======== DATASET EXCERPTS ========

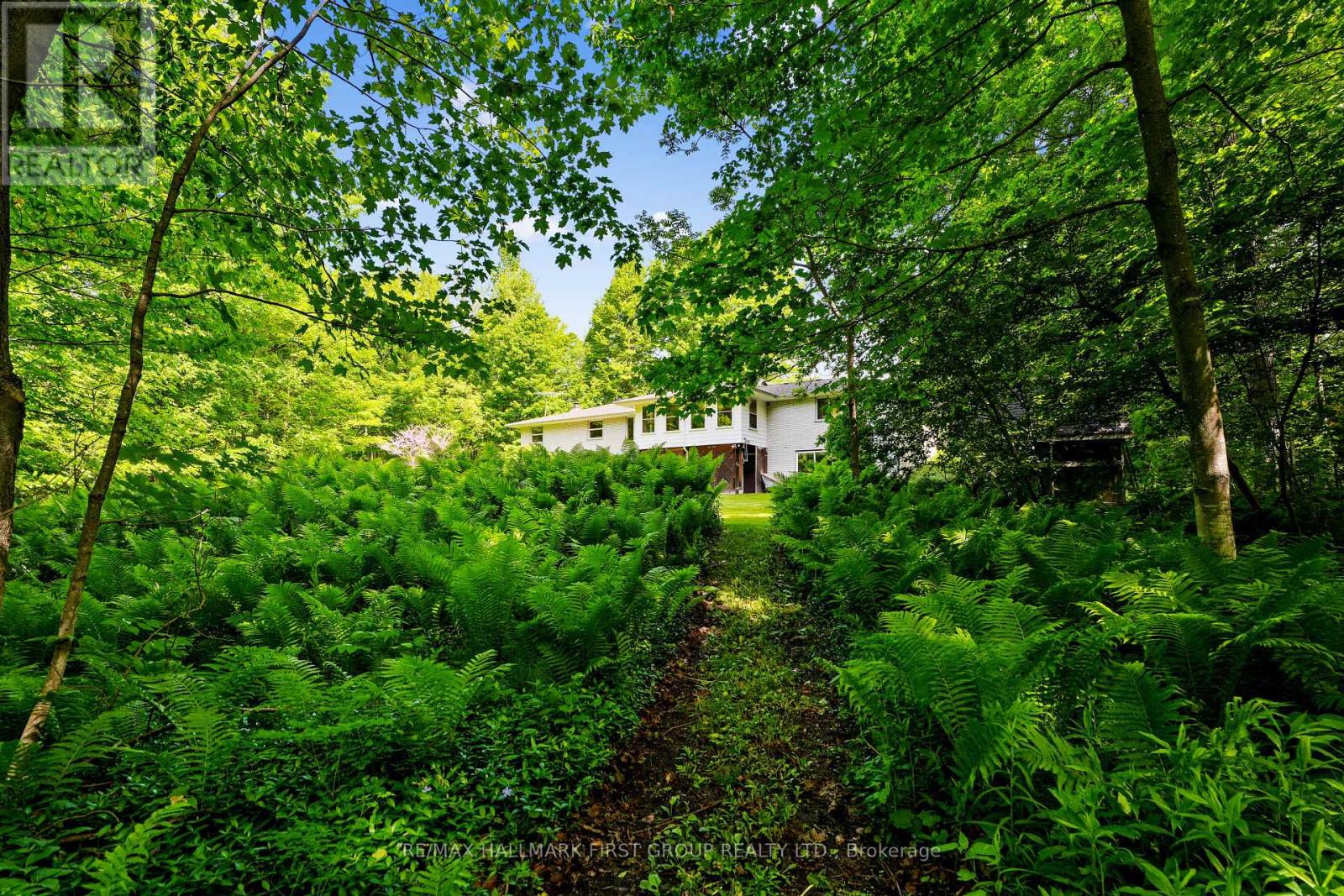 452 GULLY ROAD - 46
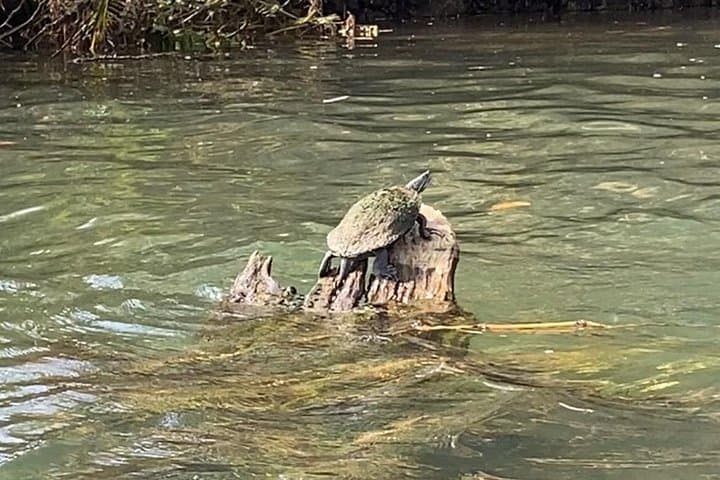 Rainforest Kayak Tour at Río Mameyes — Luquillo Mangrove & Estuary Paddle photo 5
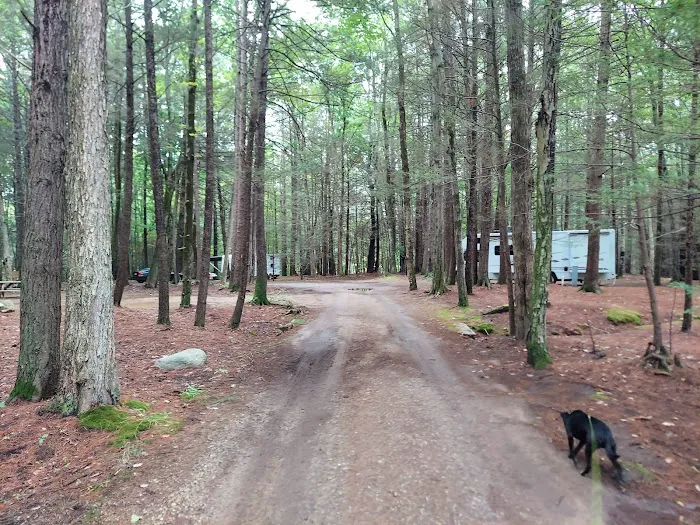 Pinederosa Camping Area 6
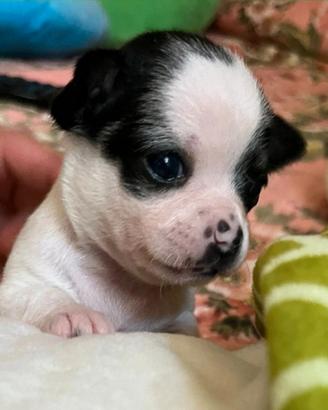 Cuccioli di chihuahua
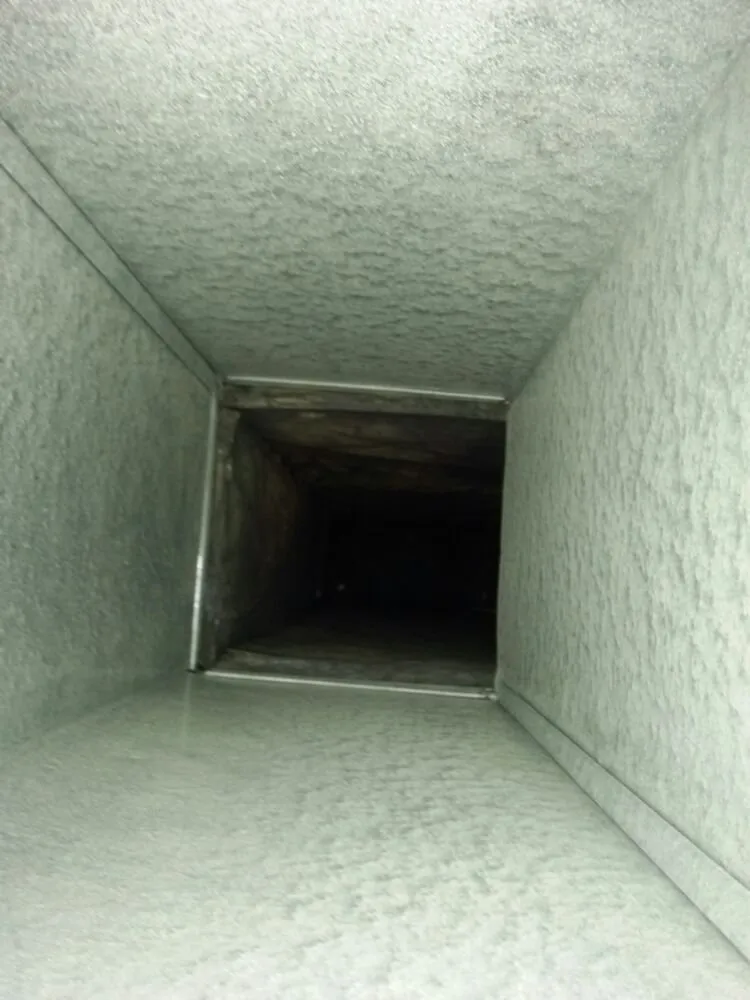 Slide of Home Safe Mold Remediation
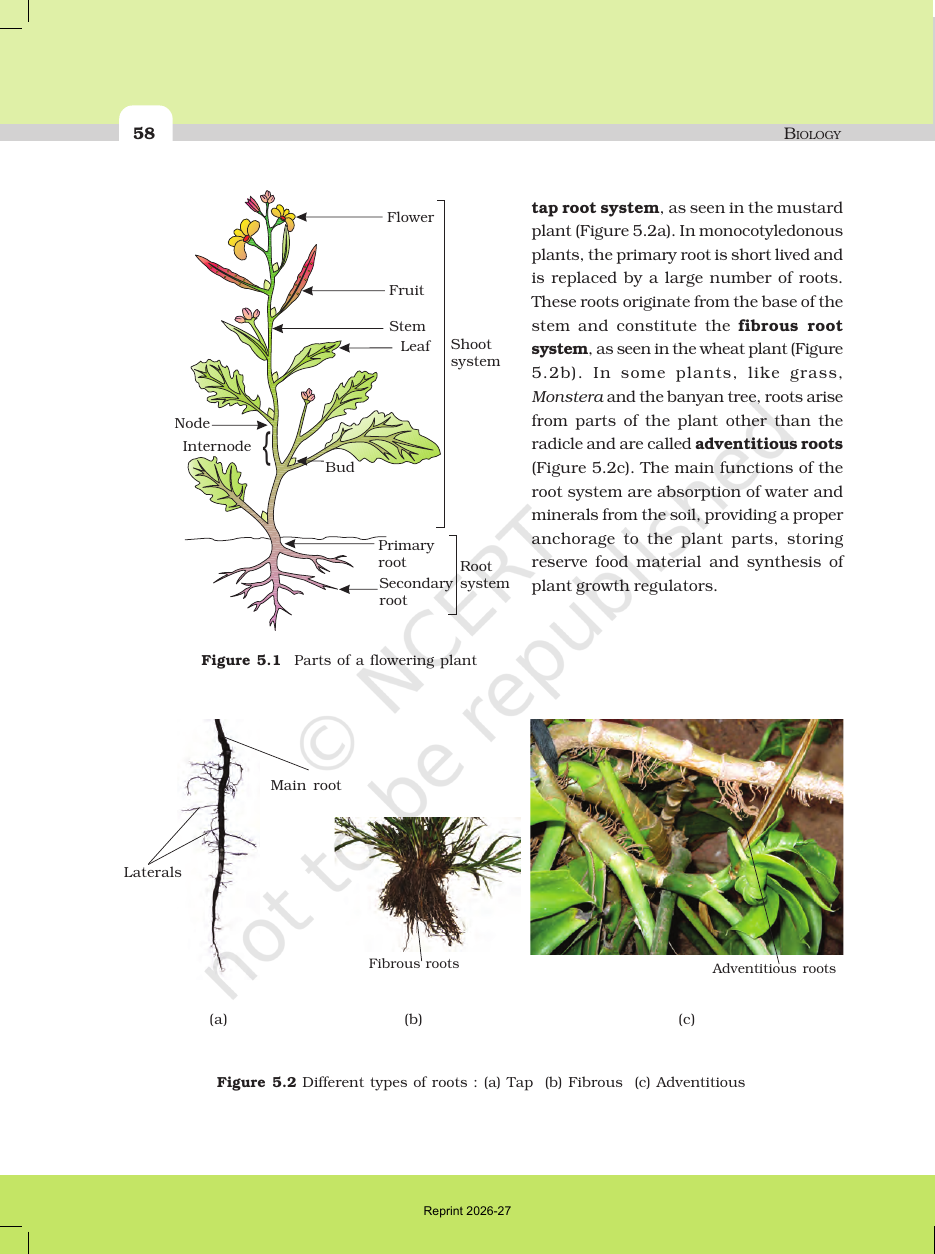 Page 4 of Morphology of Flowering Plants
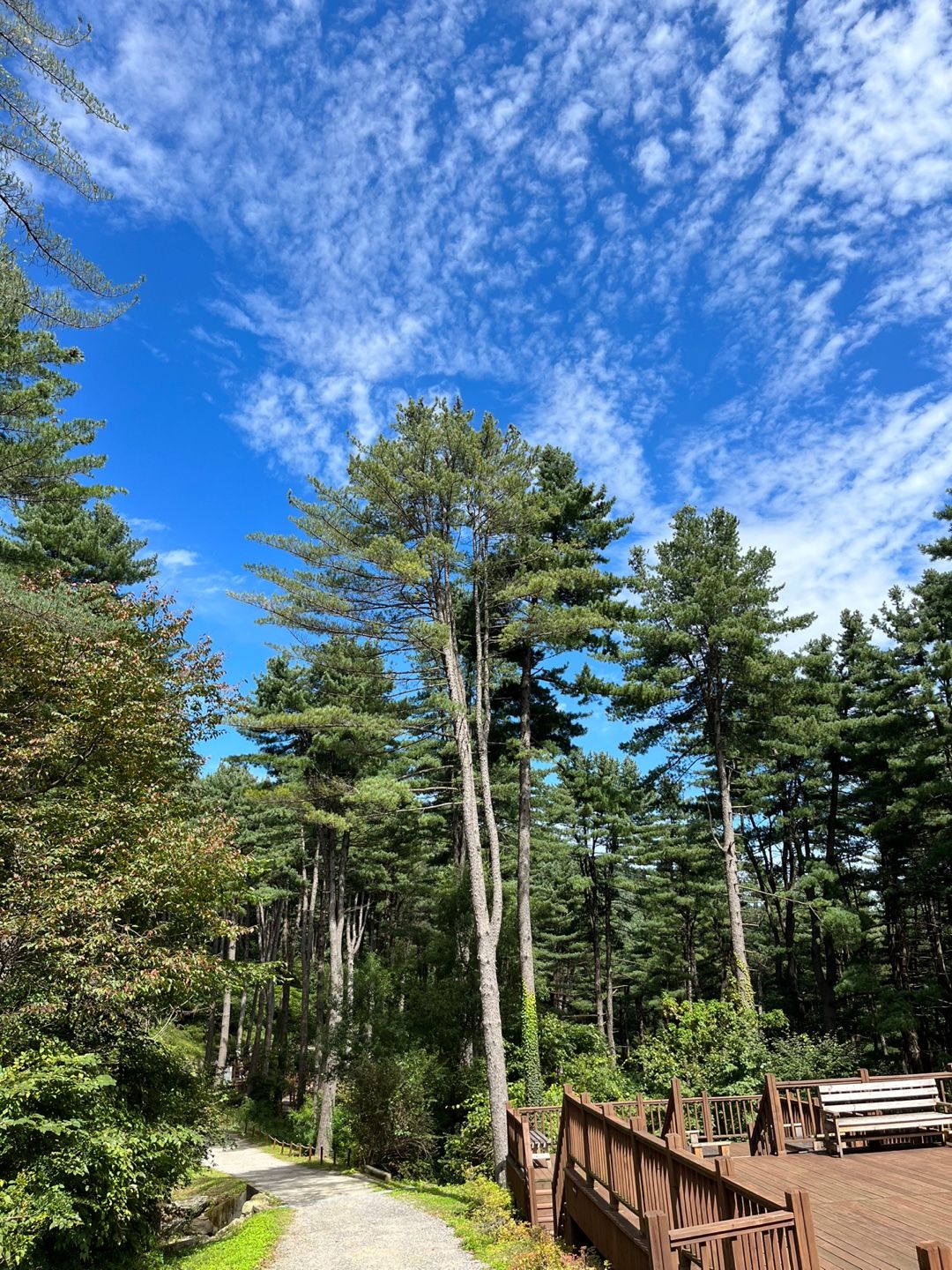 축령산 잣나무 숲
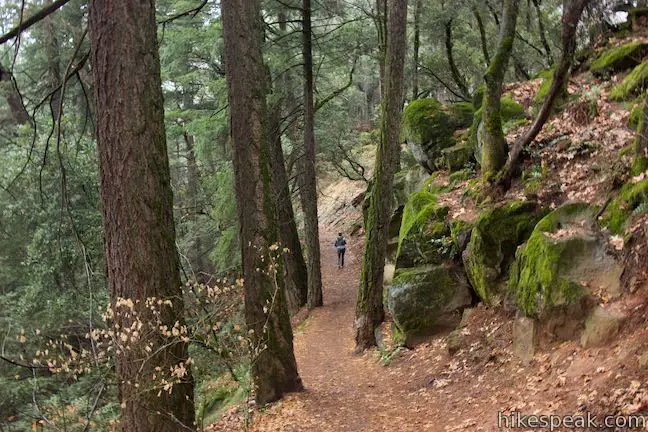 Hedge Creek Falls Trail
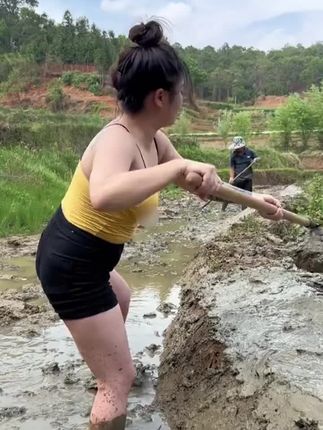 #冰糖籽甜瓜种子!香甜可 口#适合阳台小院四季种植 ,冰糖籽甜瓜种子!家庭种植,甜瓜,阳台小院均可种植
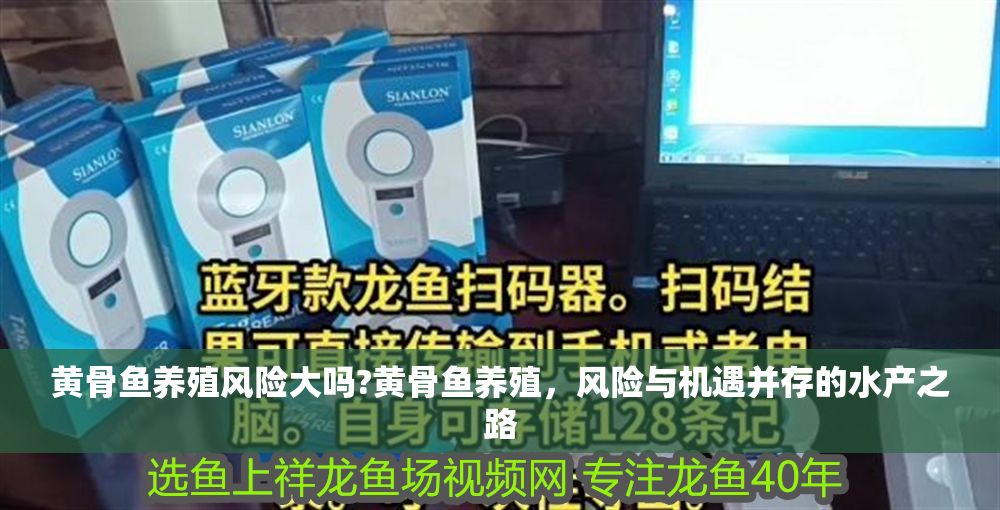 黃骨魚養(yǎng)殖風(fēng)險(xiǎn)大嗎?黃骨魚養(yǎng)殖，風(fēng)險(xiǎn)與機(jī)遇并存的水產(chǎn)之路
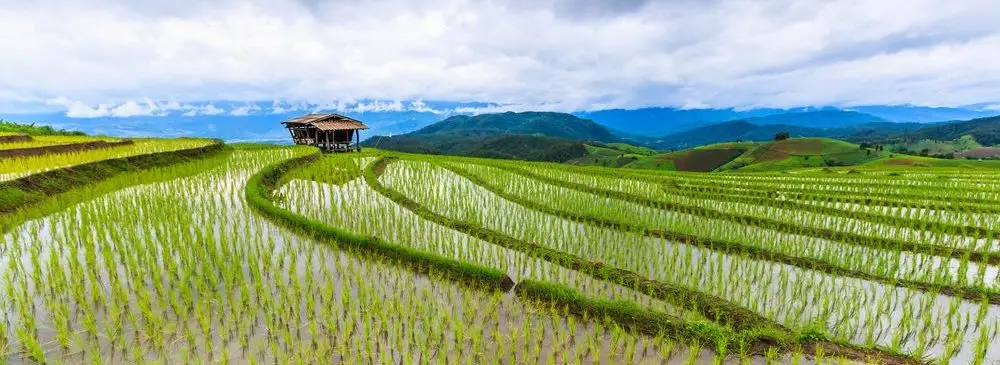 Cultivo de arroz en melgas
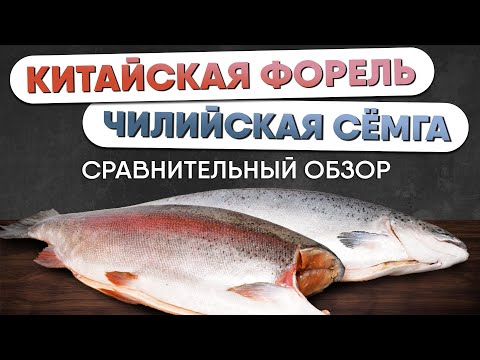 Видео: сравниваем СЕМГУ и ФОРЕЛЬ. Чем отличается красная рыба семейства лососевых. Сравнительный обзор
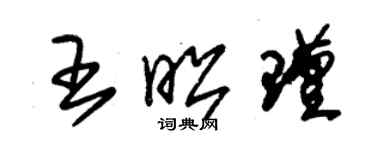 朱錫榮王昭瑾草書個性簽名怎么寫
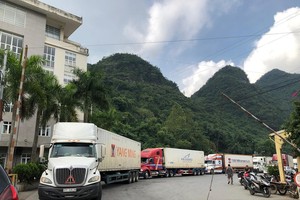 Đo lường tác động dịch Covid-19 tới xuất Link Vào Nhà Cái KL99 COM Tặng +199k với Trung Quốc 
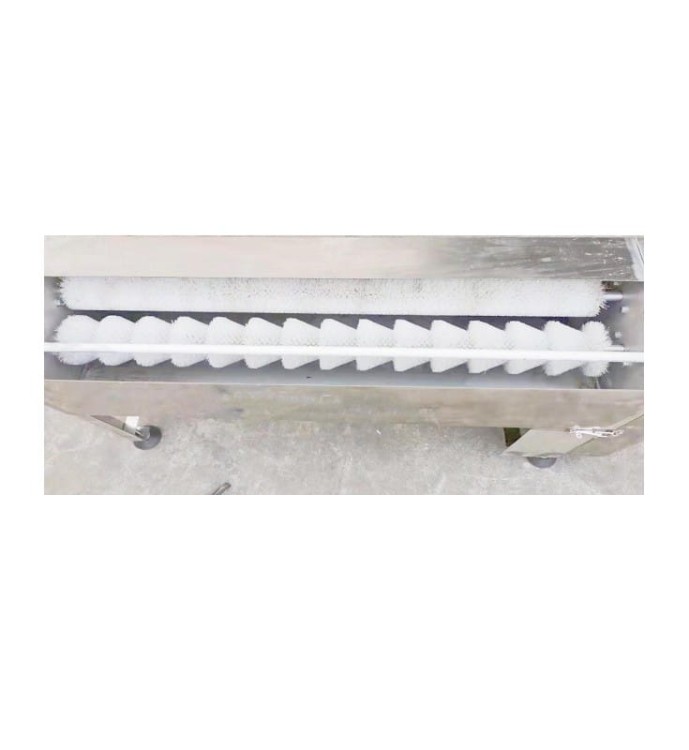 MYJKA DO JAJEK KURZYCH, GĘSICH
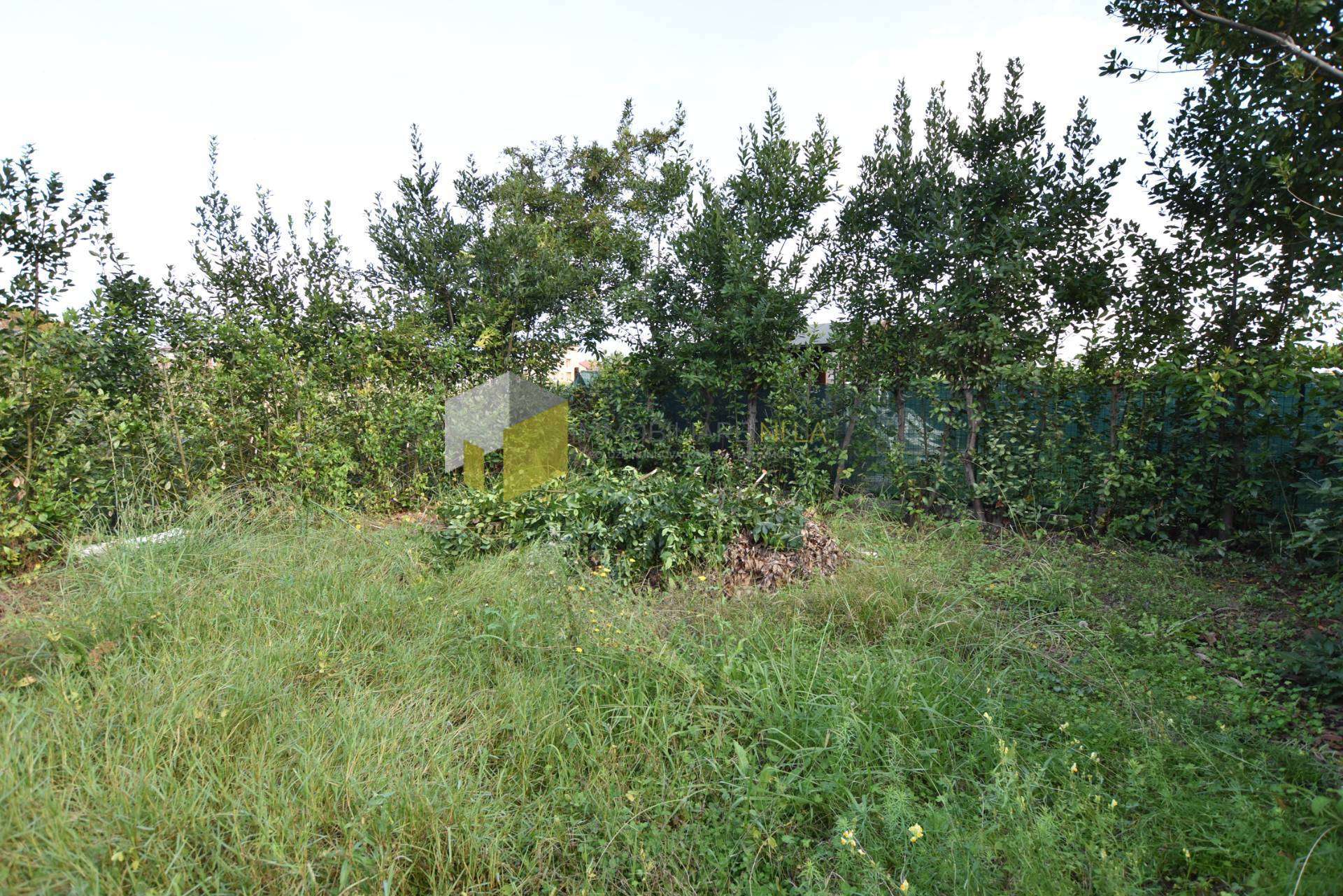  - foto 21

========

> [BRIEF]: With the pictures removed from your copy, retype the lines above from the one that contains "黃骨魚養(yǎng)殖風(f" through the one that contains "朱錫榮王昭瑾草書個性簽名怎么寫", exactly.

> [EXERCISE OUTPUT]:
 黃骨魚養(yǎng)殖風(fēng)險(xiǎn)大嗎?黃骨魚養(yǎng)殖，風(fēng)險(xiǎn)與機(jī)遇并存的水產(chǎn)之路
 Cultivo de arroz en melgas
 Видео: сравниваем СЕМГУ и ФОРЕЛЬ. Чем отличается красная рыба семейства лососевых. Сравнительный обзор
 朱錫榮王昭瑾草書個性簽名怎么寫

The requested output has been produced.